Non è nemmeno vero che la lettura di libri sia minacciata da altri media, o è vero solo indirettamente. Non esiste alcuna antitesi tra lettura e fruizione di informazioni o di svago attraverso altri mezzi. Chi legge quasi sempre guarda anche la televisione e utilizza internet.
La Sardegna, per dire, ha un tasso di utilizzo di internet superiore alla media italiana, proprio come il tasso di lettura. Caso mai esiste un altro tipo di relazione tra questi media. E riguarda la capacità di lettura profonda.
Chi non ha dimestichezza con la lettura, fa fatica anche ad usare in tutta la loro potenzialità i meravigliosi strumenti che la tecnologia informatica ci mette a disposizione. Infatti è evidente la difficoltà di molti ad impiegare in modo critico e appropriato i social media, o le informazioni reperite in Rete.
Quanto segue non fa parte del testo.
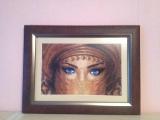 pattern stitch. cross stitch. handmade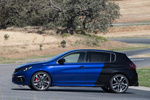 Peugeot 308 GTi 1.6 THP 270 CV GTi Turismo Coupe Franche Exterior Frontal-Lateral 5 puertas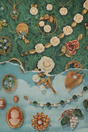 White Roses Collage Poster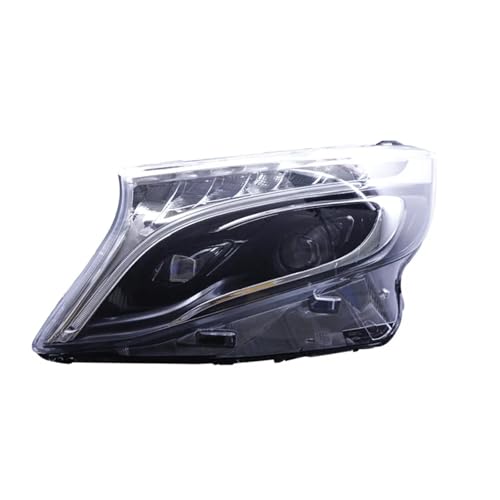 Luces para Benz Vito 2016-2020 con faros delanteros DRL integrados 6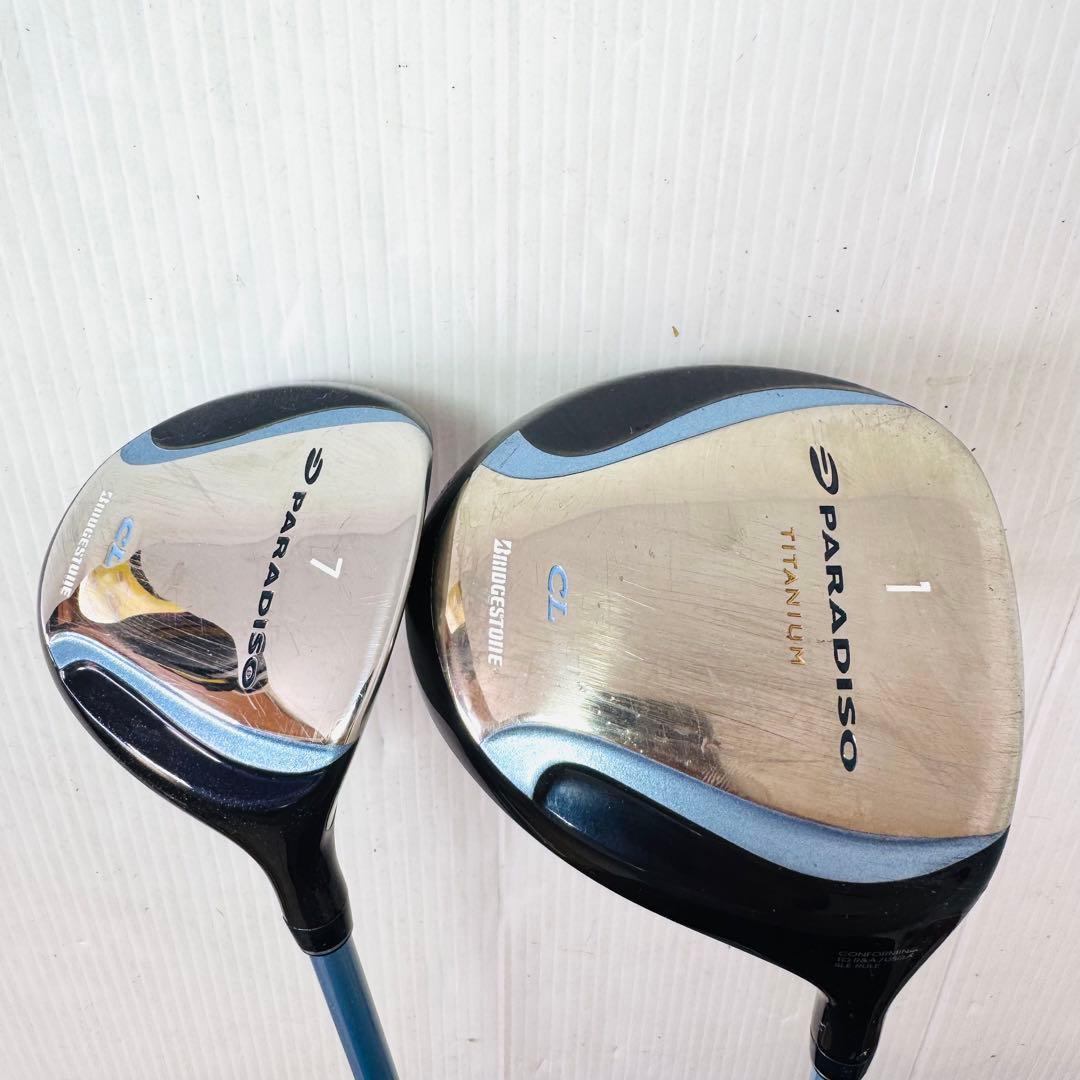 BRIDGESTONE PARADISO CL レディース　クラブ　8本セット
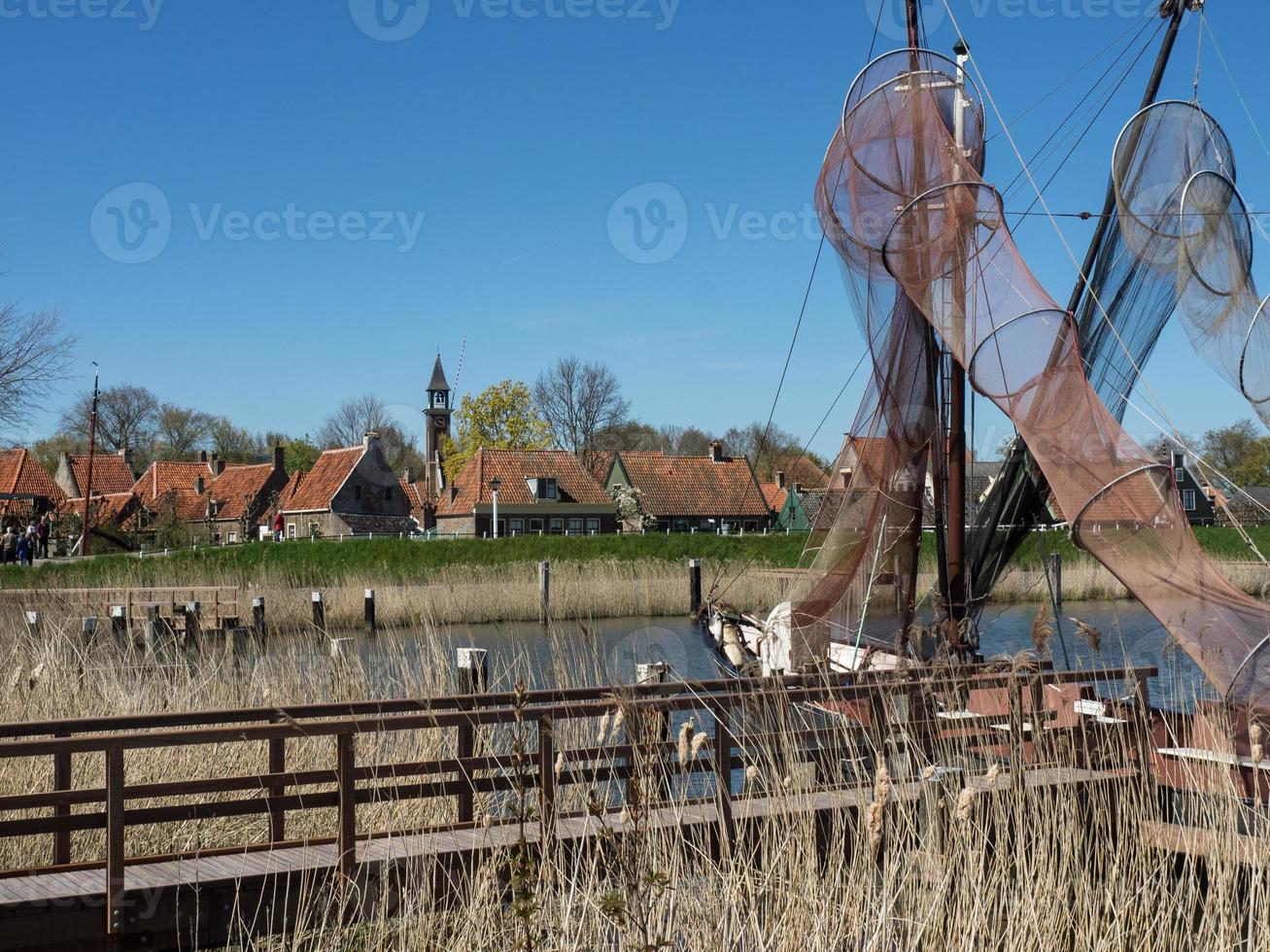 Enkhuizen at the zuiderzee photo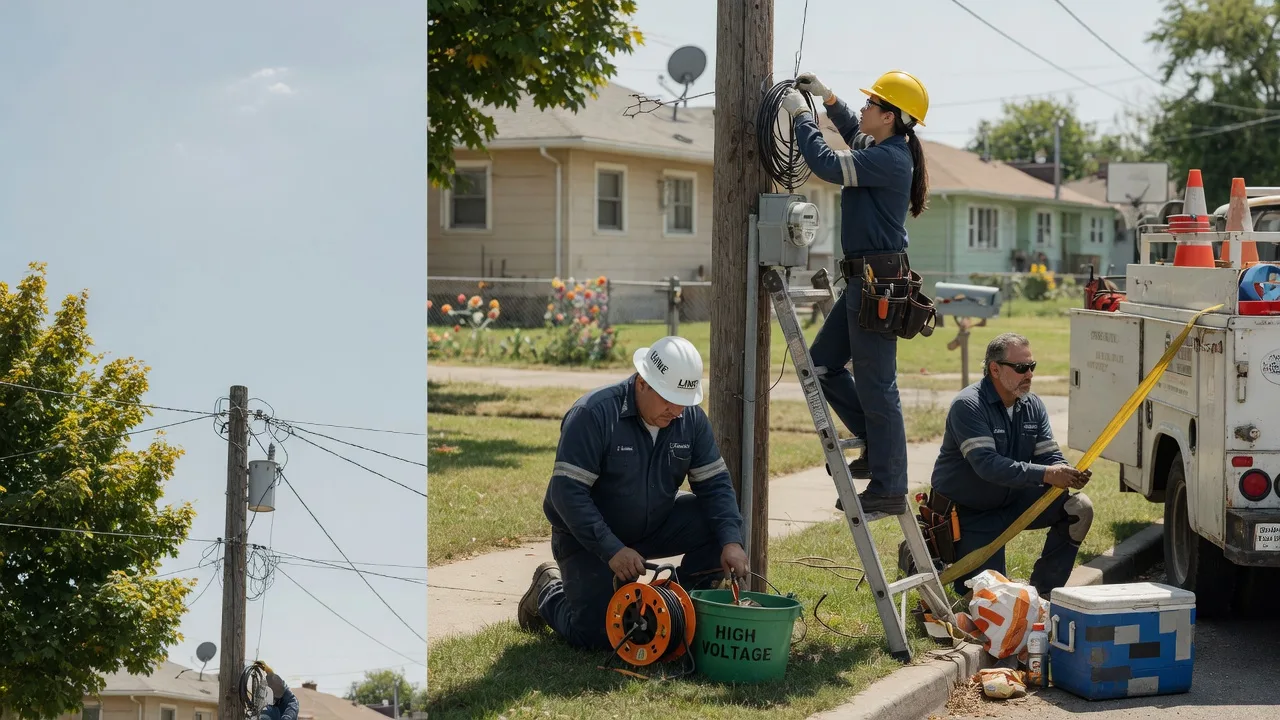 Emergency Electrician in Robinson Creek, KY near me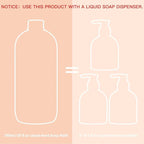 ROMIIE ZOI Liquid Hand Soap Refills, Eucalyptus & Mint, Gentle & Moisturizing - Image 7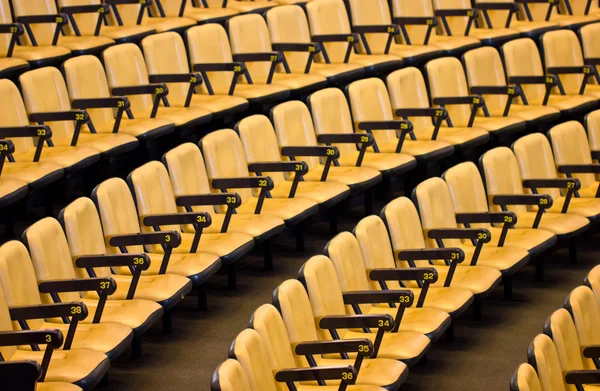 Empty Seminar Seat. — Stock Photo, Image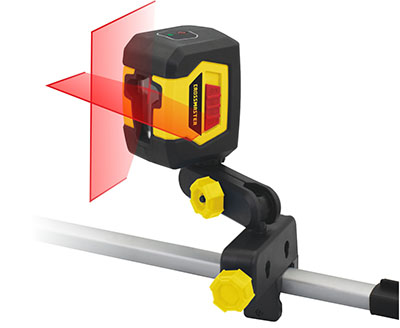 NIVEL LÁSER AUTONIVELANTE HORIZONTAL, VERTICAL Y EN CRUZ CROSSMASTER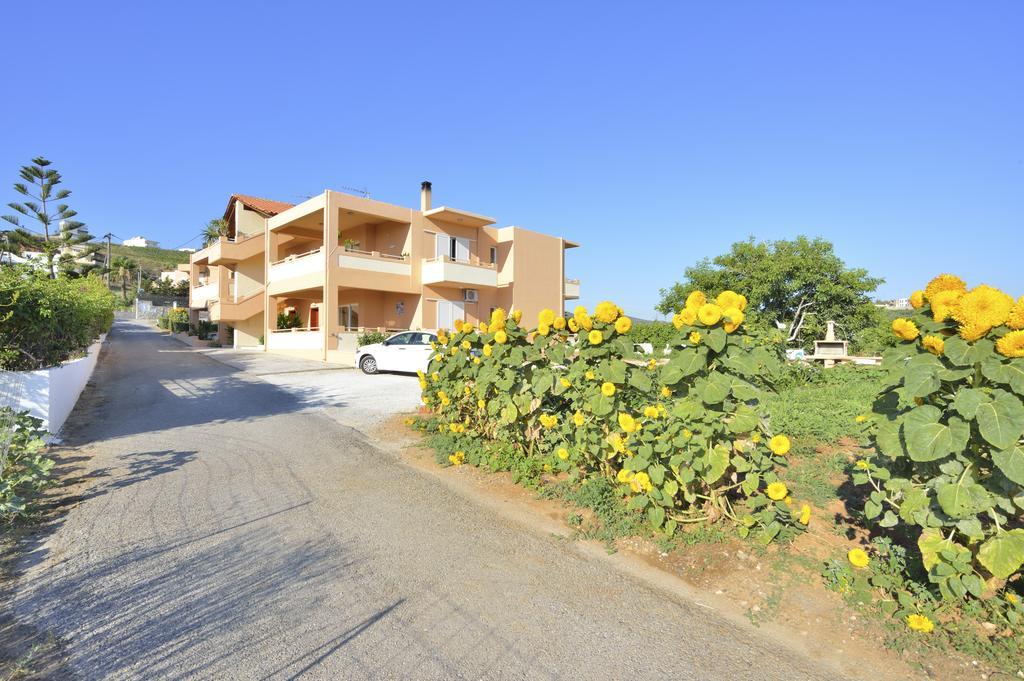 Sofoklis Apts Stalos Exterior photo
Ma non è colpa degli strumenti in sé, come spesso si da ad intendere.
Se al dato sulla lettura in Sardegna (in calo, come visto) si aggiunge quello sulla dispersione scolastica e quello sul tasso di laureati (alto il primo, basso il secondo), il giudizio complessivo sulla nostra condizione socio-culturale tende decisamente al pessimista. C’è molto di cui preoccuparsi.
Dato che è una questione politica, ed anche di natura strategica, sarebbe auspicabile che la politica istituzionale se ne facesse carico.
I risvolti di queste faccende sono anche di natura economica e attengono alla qualità della vita della popolazione. Esiste una relazione diretta tra lettura (e istruzione) e salute, per esempio. Senza considerare la rilevanza della diffusione del senso critico e l’importanza di irrobustire gli anticorpi contro il degrado politico e culturale.
Invece, malgrado l’attuale giunta regionale si ammanti della qualità di “giunta dei professori”, non sembra che l’attenzione per la cultura in generale e per la lettura in particolare (con tutte le sue implicazioni) siano in cima all’agenda di governo.
Non è un errore o un caso: è una scelta. È clamoroso e al contempo mortificante che in questo ambito chi ha fatto qualcosa siano quasi esclusivamente gli operatori del settore, gli attori privati, più che la politica istituzionale. Se qualcuno sostenesse – come succede – che è inevitabile, perché ci sono altre priorità, ricordiamoci che si tratta di una brutale menzogna, propalata ai nostri danni, e sentiamoci pure autorizzati a mandarlo a… leggere.